Two out of the three posters did not read carefully:



martaexv said:


> I am considering images *without human-made objects* (i.e. cars, buildings, people...) *or animals*. For example, mountains, grass, sea landscapes... would work.



The question I would have for the OP is: are you looking for pictures of ugly subjects or ugly pictures of nice subjects? What does the adjective "ugly" attach to? Are you looking for what subjects people consider ugly, or are you concerned with how a picture of something nice can still be taken in an ugly way (as in technically poor, overprocessed, poorly composed...)?


----------



## waday (May 22, 2015)

limr said:


> The question I would have for the OP is: are you looking for pictures of ugly subjects or ugly pictures of nice subjects?

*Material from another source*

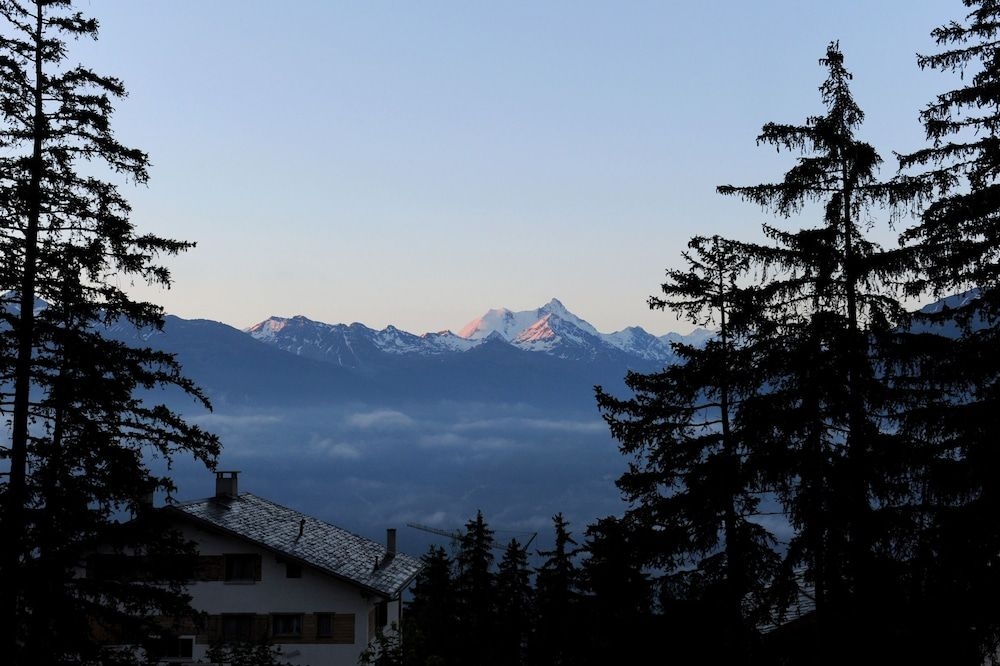 Aparthotel Helvetia Intergolf2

This exactly. The OP is not clear enough.


----------



## snowbear (May 22, 2015)

limr said:


> Two out of the three posters did not read carefully:
> 
> 
> 
> ...


I say ugliness, just as beauty, is in the eye of the beholder.  In my example, I see it as "ugly" because of the technical and artistic flaws, though some were introduced into the original just for this thread.

Hmmm . . . the shadow, that big ugly blue patch, was made by a truck blocking out the sun.  Does that still count?


----------



## limr (May 22, 2015)

snowbear said:


> I say ugliness, just as beauty, is in the eye of the beholder.  In my example, I see it as "ugly" because of the technical and artistic flaws, though some were introduced into the original just for this thread.
> 
> Hmmm . . . the shadow, that big ugly blue patch, was made by a truck blocking out the sun.  Does that still count?



Absolutely, ugly is in the eye of the beholder. But someone could take a pictures of something ugly and still make a beautiful picture. The OP is trying to be systematic about his study (which is commendable) and so I just wondered what "ugly" is he/she studying: ugly _subjects _or ugly _pictures? _Is the study about how a picture can still be ugly even if it is a nice subject? I _think_ that's what's being asked for, but I just wanted to clarify.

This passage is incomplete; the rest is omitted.